From Jax Daily Record - 06/24/2008

Walking is key step in Downtown Action Plan
by Joe Wilhelm Jr.

Staff Writer

The Downtown Action Plan continued to unfold last Thursday with the opening of Main Street Park and some of the people responsible for that project were trying to get more people behind the plan Monday.

Bob Rhodes, chairman of the Jacksonville Economic Development Commission, and Ron Barton, executive director of the JEDC, addressed members of the Meninak Club Monday to educate them and guests on the JEDC’s Downtown Action Plan, which is the blueprint for a revitalized Downtown.

Rhodes was introduced by Ted Pappas, of PBV Architecture, who has placed his stamp on buildings throughout Jacksonville including the restoration of Old St. Andrews Episcopal Church and the creation of athletic stadiums at the University of North Florida and The Bolles School.

“Let’s harness some of this energy for Downtown,” said Rhodes after hearing the Meninak members sing the club’s song.

In the fall of 2006 the JEDC determined an action plan needed to be developed to steer Downtown development. That plan was created with the assistance of over 100 local professionals and community leaders.

“This isn’t Ron Barton’s plan for Downtown,” said Barton. “We got help from folks like you in order to develop these 19 steps.”

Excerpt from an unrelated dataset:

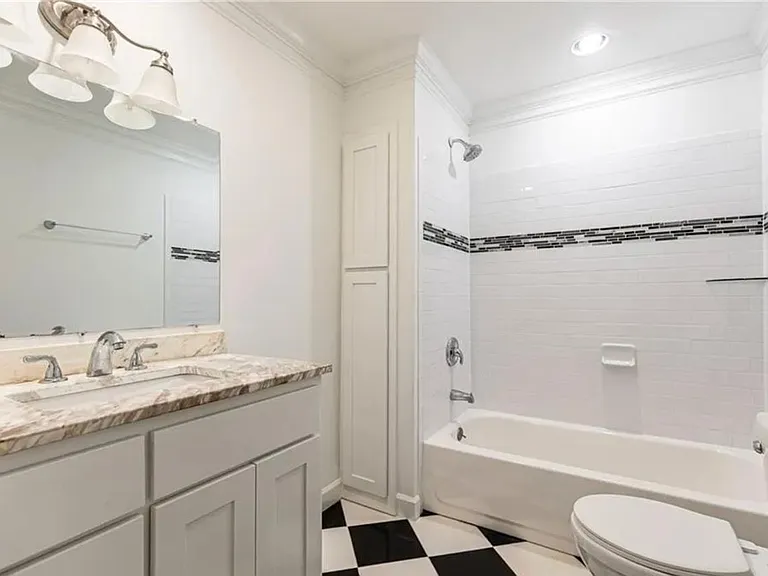 2580 Hawthorne Dr — Photo 14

The second of the action steps, “Develop and implement a comprehensive streetscape plan,” continues to produce results with the completion of the Main Street Park project. Improvements along Main Street included converting a parking lot into a public park across from the Main Library. Date palm trees have been added and sidewalks have been resurfaced and enhanced with brick pavers and decorative planters.

The next streetscape project will improve Laura Street from Hemming Plaza to the Landing. The JEDC plans to outline the project by the beginning of July

“This was an easy project to choose because it was one people identified as a key project,” said Barton. “This project will help us prove what a great walkable corridor can be.”

Walkability is one of the keys Barton identified that would set a foundation for a revitalized Downtown.

“I was in St. Petersburg during a magical time eight years ago,” Barton said. “St. Pete was deader than a door nail. You didn’t have to look up the street to cross. That has all changed in just eight years. You just have to get the basics right.”

Those basics include walkability, making Downtown a destination, making Downtown a neighborhood and developing a framework for continued success.

Another key component of the Downtown Action Plan is to enhance the appeal of the Riverwalk. The wide walkway along the Northbank of the St. Johns River stretches from Berkman Plaza to the Fuller-Warren Bridge.

“People visit our Riverwalk from all over the state and the country,” said Barton. “We want to program the Riverwalk like it’s a theater and make it more of a destination.”

A lull in the real estate market may slow down the revitalization process, but the JEDC is operating with a sense of urgency.

“We need to address these points quicker so we can bring back capital investment when the market comes back up,” said Barton.